DNYUZ
No Result
View All Result
DNYUZ
No Result
View All Result
DNYUZ
Home News

Wicked Stepmother No Longer, a Female Pharaoh Gets a Reputational Makeover

March 24, 2026
in News
Wicked Stepmother No Longer, a Female Pharaoh Gets a Reputational Makeover

In the 1920s, while excavating for tombs at Deir el-Bahri in Luxor, archaeologists were confronted with a baffling crime scene: thousands of smashed statues and desecrated reliefs of Hatshepsut, one of ancient Egypt’s few, and most successful, female pharaohs.
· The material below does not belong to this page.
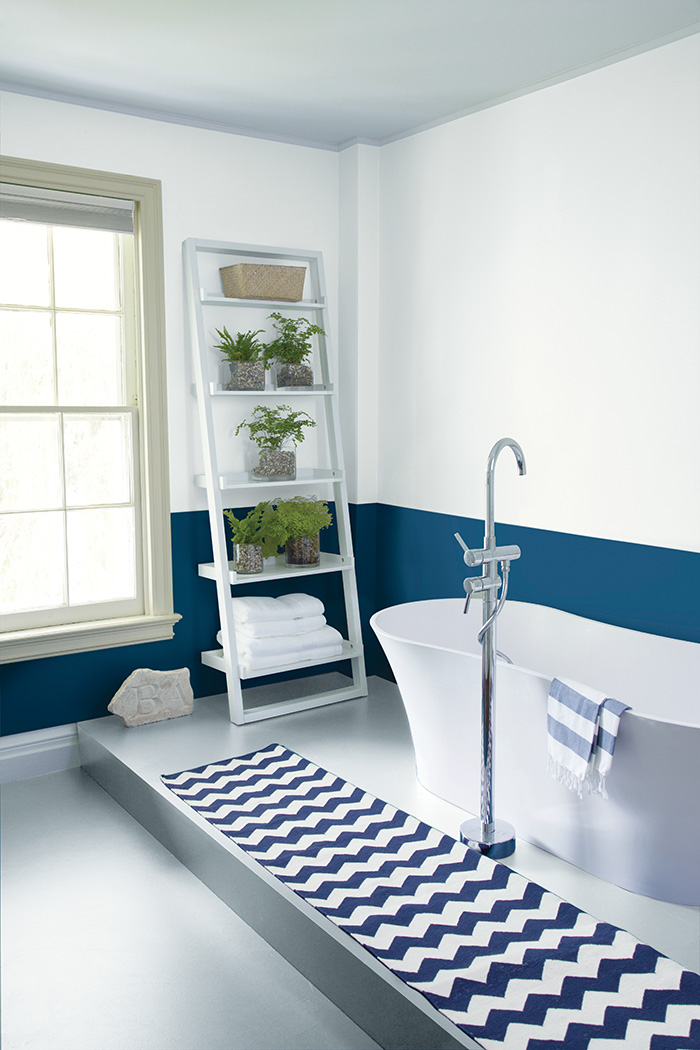 Бело-голубое оформление стен в интерьере ванной комнаты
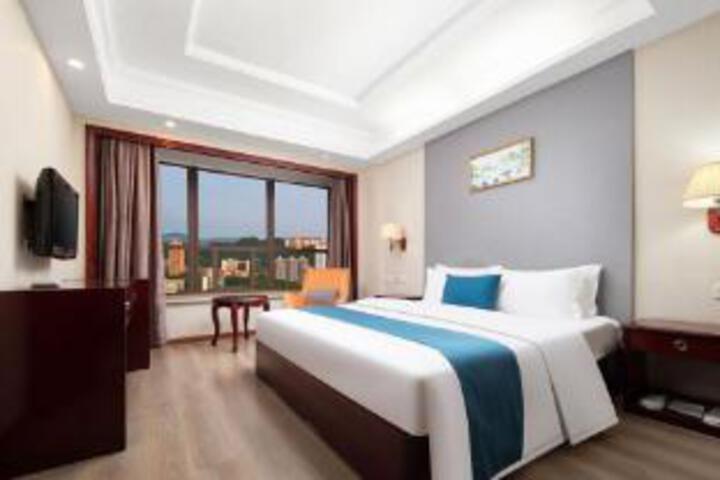 Room 7 of 8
During the 15th century B.C., Hatshepsut (pronounced hat-SHEP-soot), the daughter of the Pharaoh Thutmose I, had carried out one of antiquity’s most audacious political power plays. Following the sudden death of her husband-brother, Thutmose II, she appointed herself regent for her young stepson, Thutmose III, a child born of a lesser queen. Several years into the regency, Hatshepsut seized the throne; she ruled for nearly two decades, cementing her legitimacy by cultivating the persona of a living god and styling herself “Lord of the Two Lands.”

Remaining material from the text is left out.